Data shown.
________________________________________

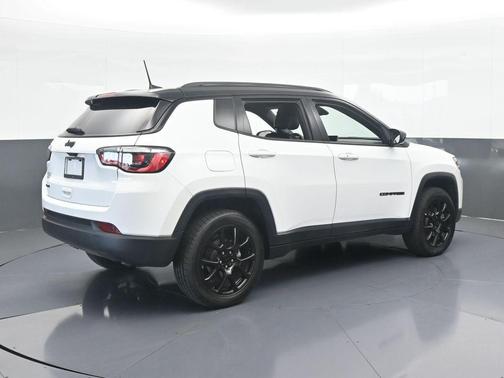 2023 Jeep Compass Altitude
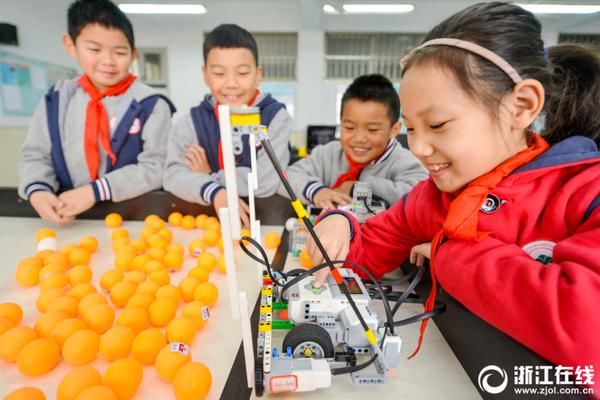 商务{部}：服务消—费已成为推动消费市场增长的重要力量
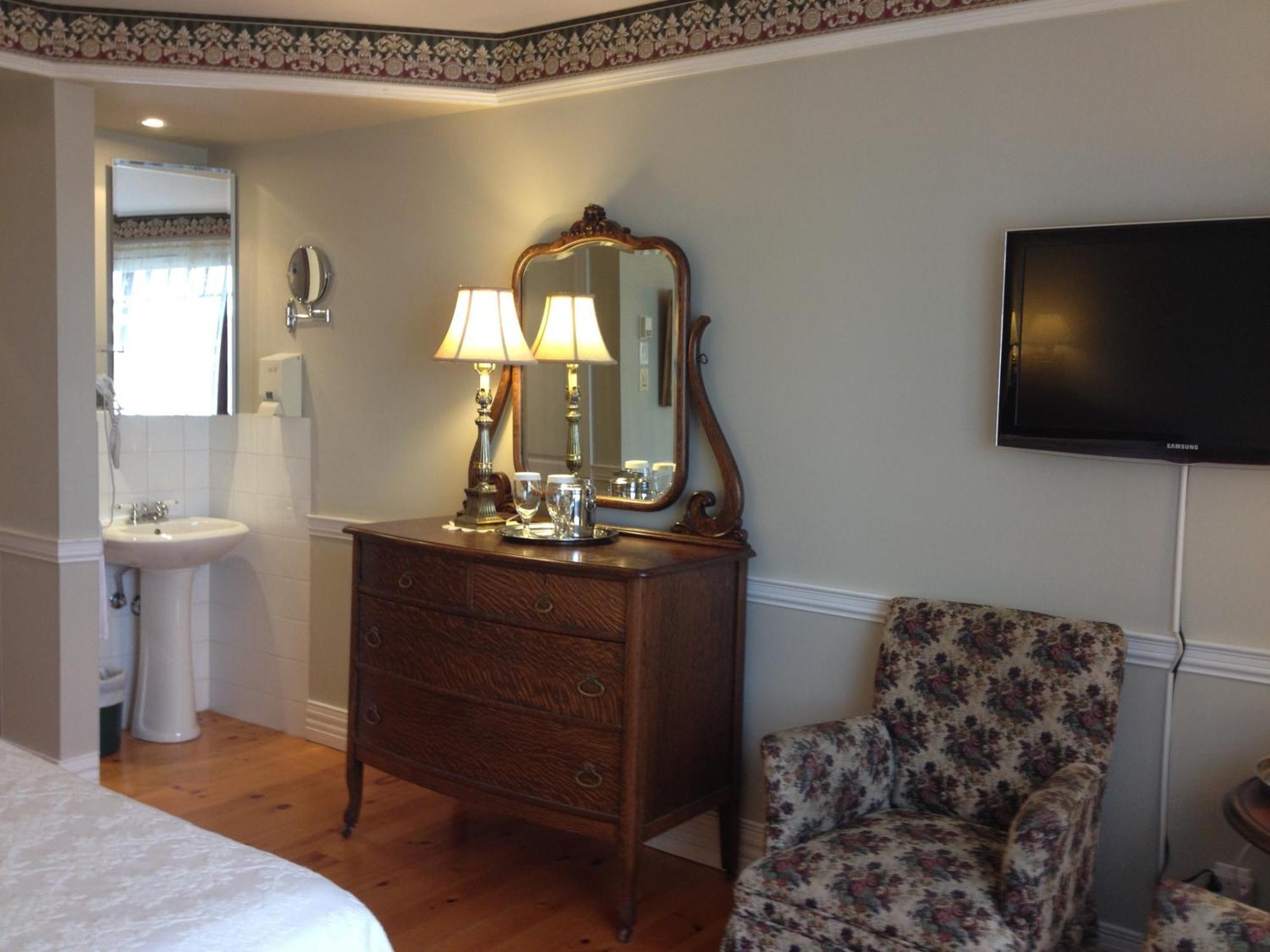 Goeliche Hotel Et Appartement Saint-Laurent-de-l'ile d'Orleans Room photo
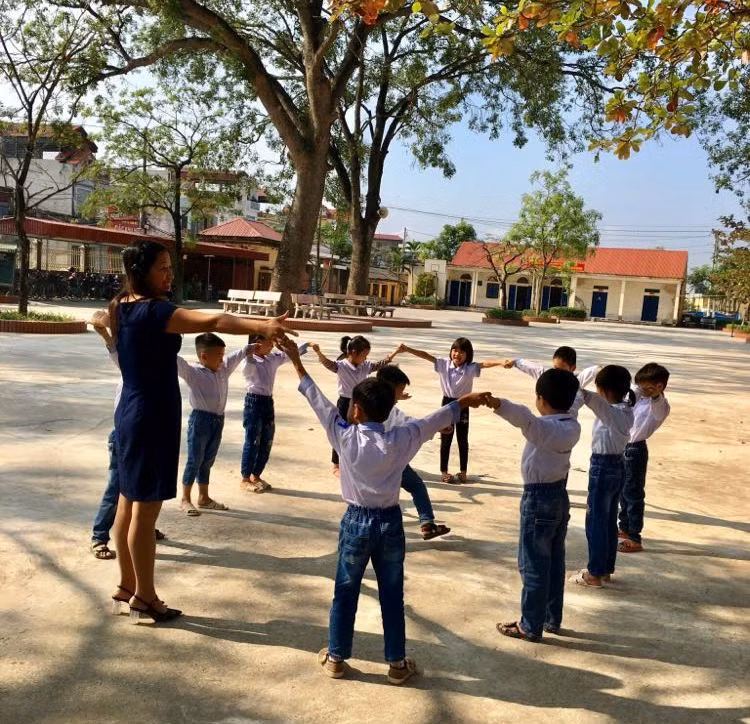 Cô Lê Thị Nếp và các học trò Trường Tiểu học và THCS Bắc Sơn. Ảnh tư liệu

________________________________________

What you will do.
Everything in the listing except the pictures must be reproduced exactly.

Task output.
 2023 Jeep Compass Altitude
 商务{部}：服务消—费已成为推动消费市场增长的重要力量
 Goeliche Hotel Et Appartement Saint-Laurent-de-l'ile d'Orleans Room photo
 Cô Lê Thị Nếp và các học trò Trường Tiểu học và THCS Bắc Sơn. Ảnh tư liệu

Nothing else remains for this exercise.